Problem details :: These records are to be written out exactly as they read, minus the pictures.

(Scraped caption text data)

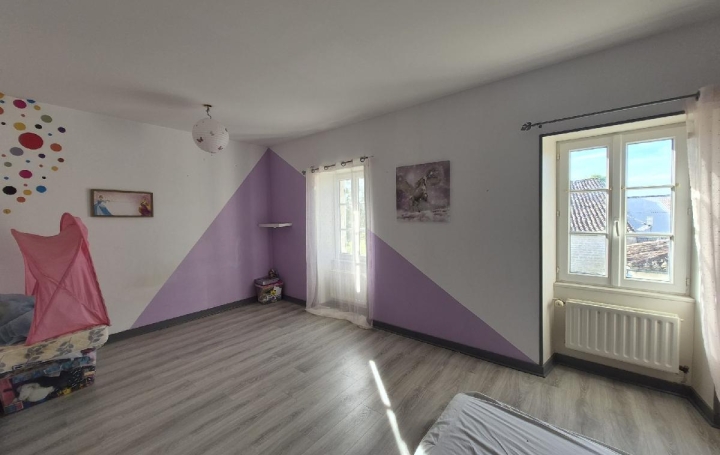 Maison COIVERT (17330)  315 m2 289 000 € 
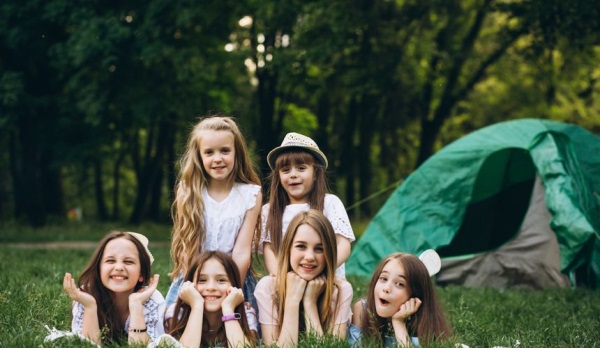 &laquo;Чтобы не нюхали клей&raquo;: туроператоры призвали помочь им развивать детский туризм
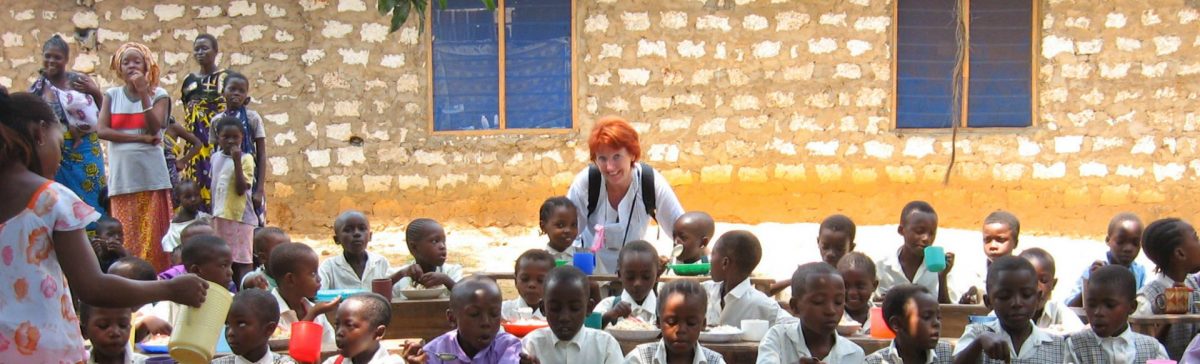 Marina Schmidt in der Patenschule des Reisekontor Schmidt in Kenia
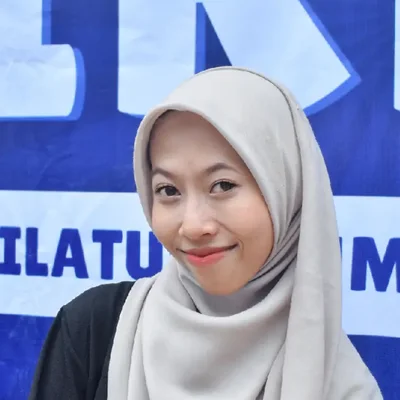 Tutor Edufio Salma A., Ilmu Alquran dan Tafsir ISQI Sunan Pandanaran, mengajar di Ngaglik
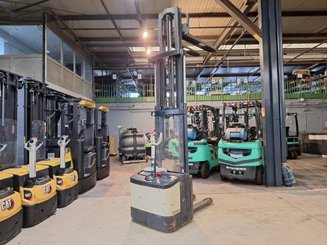 Pedestrian pallet stacker Crown WE2300-16 - 9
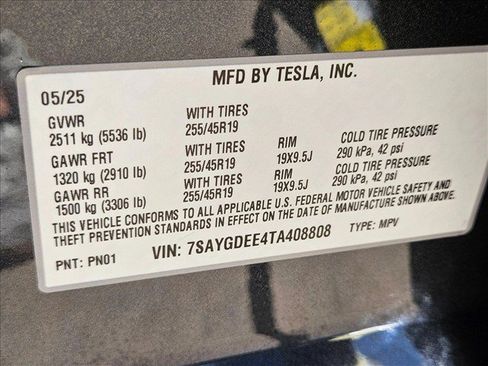 Used 2026 Tesla Model Y Long Range AWD/4WD image 26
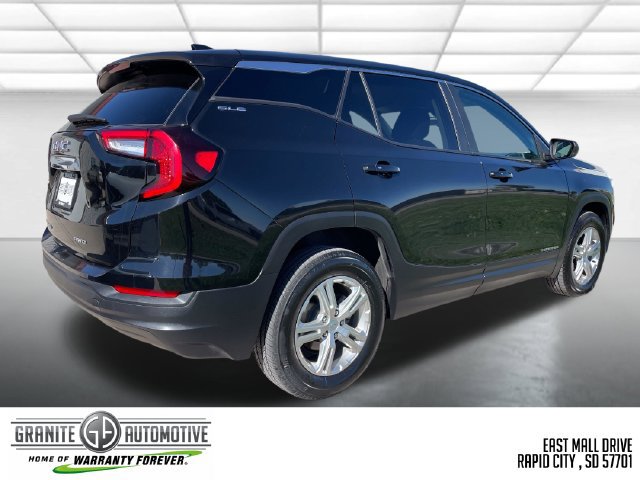 Used 2024 GMC Terrain SLE AWD/4WD image 6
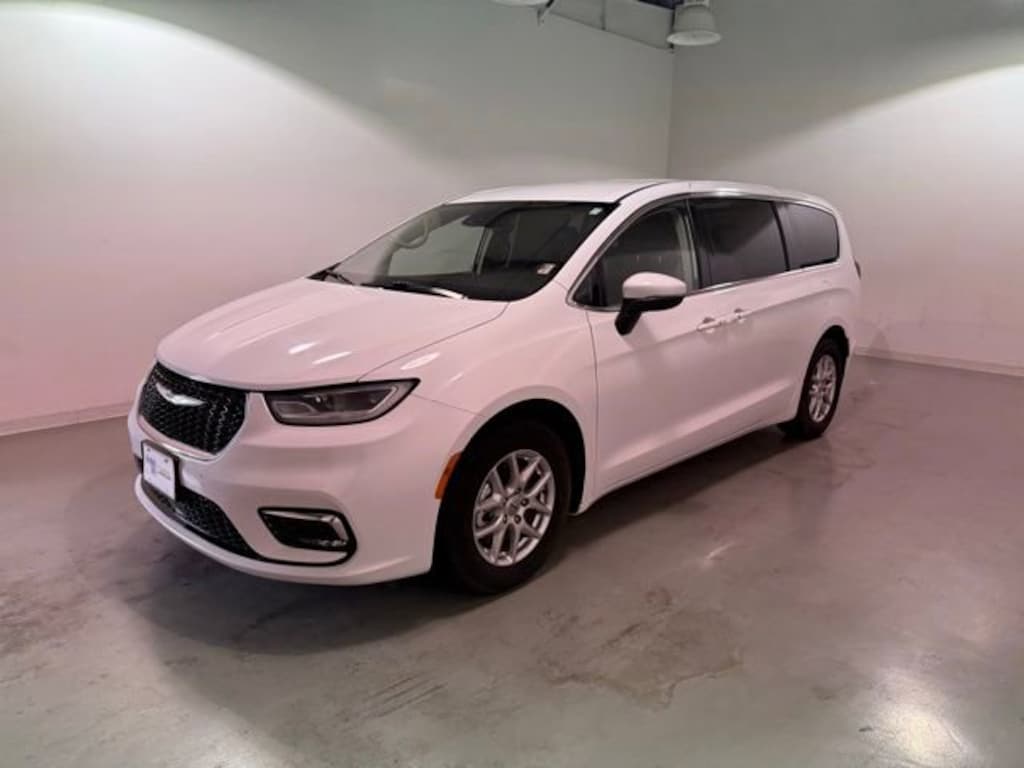 Used 2023 Chrysler Pacifica Touring L Van Passenger Van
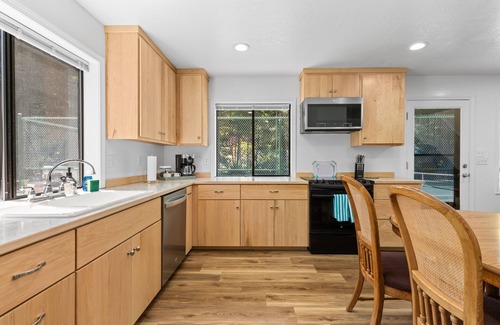 Hiouchi Cabin | Jed smith cabin with tennis and pickle ball courts.
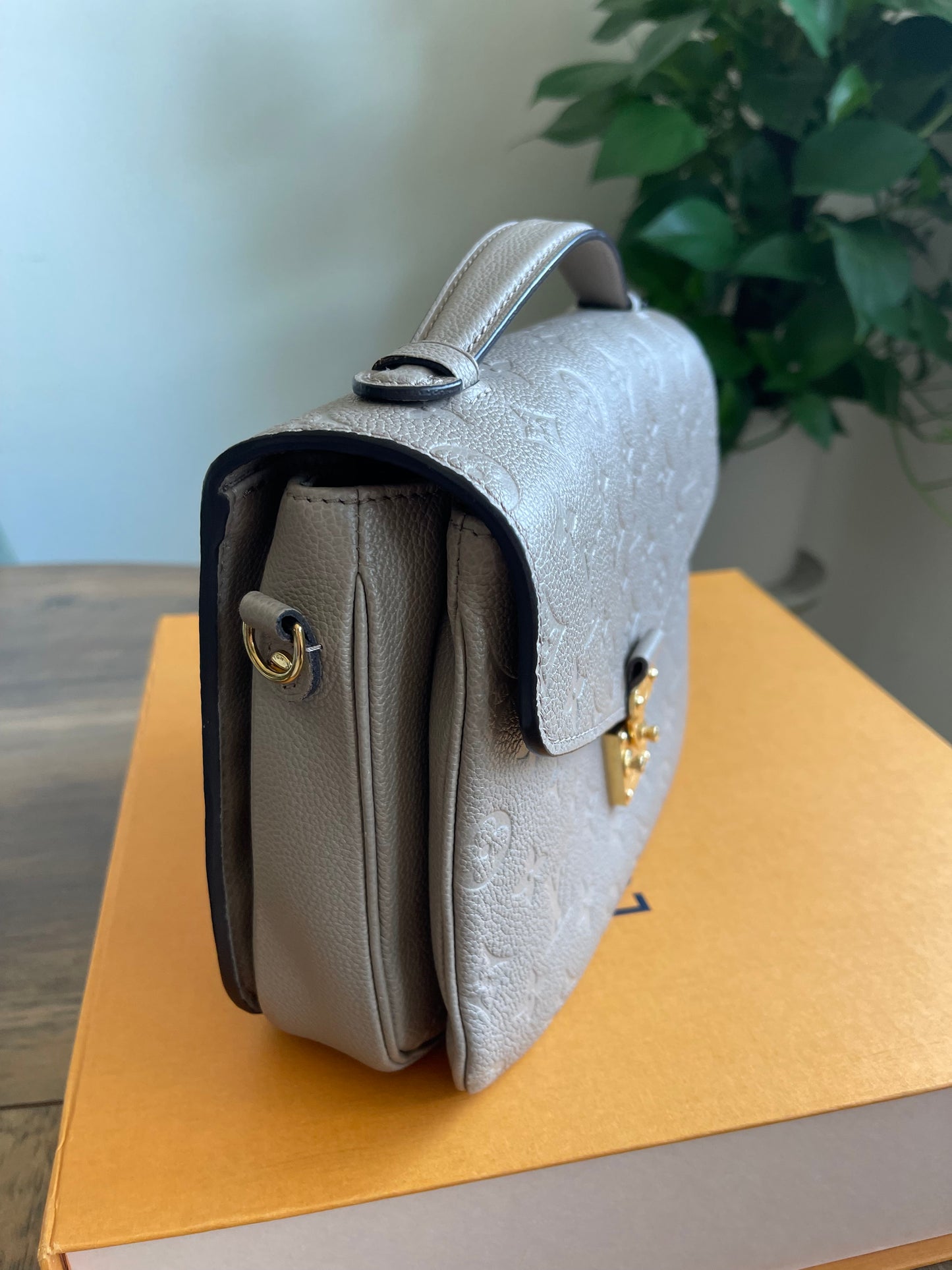 LOUIS VUITTON POCHETTE MÉTIS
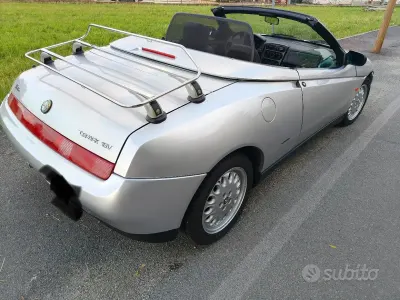 Usata Alfa Romeo Spider 150 CV (110 kW) 1996 Cabrio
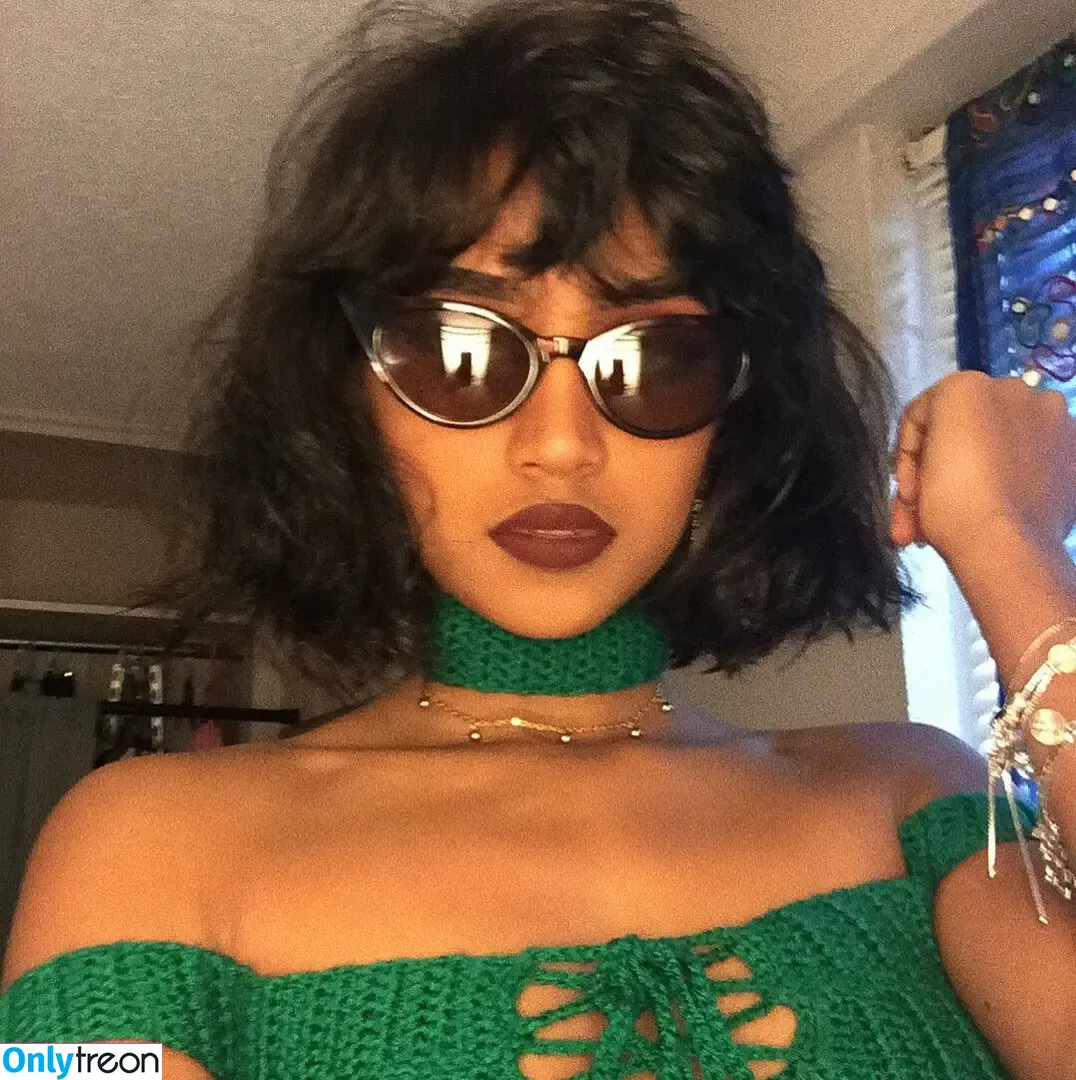 bbyg6rl nude photo #0082 (bbygrll)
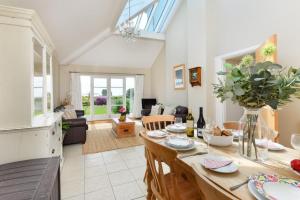 5 Bed in Pwllheli oc-1coedy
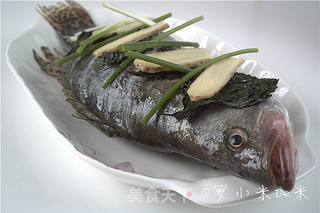 紫苏蒸鳜鱼的做法步骤:2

Response to this exercise ::
 Maison COIVERT (17330)  315 m2 289 000 € 
 &laquo;Чтобы не нюхали клей&raquo;: туроператоры призвали помочь им развивать детский туризм
 Marina Schmidt in der Patenschule des Reisekontor Schmidt in Kenia
 Tutor Edufio Salma A., Ilmu Alquran dan Tafsir ISQI Sunan Pandanaran, mengajar di Ngaglik
 Pedestrian pallet stacker Crown WE2300-16 - 9
 Used 2026 Tesla Model Y Long Range AWD/4WD image 26
 Used 2024 GMC Terrain SLE AWD/4WD image 6
 Used 2023 Chrysler Pacifica Touring L Van Passenger Van
 Hiouchi Cabin | Jed smith cabin with tennis and pickle ball courts.
 LOUIS VUITTON POCHETTE MÉTIS
 Usata Alfa Romeo Spider 150 CV (110 kW) 1996 Cabrio
 bbyg6rl nude photo #0082 (bbygrll)
 5 Bed in Pwllheli oc-1coedy
 紫苏蒸鳜鱼的做法步骤:2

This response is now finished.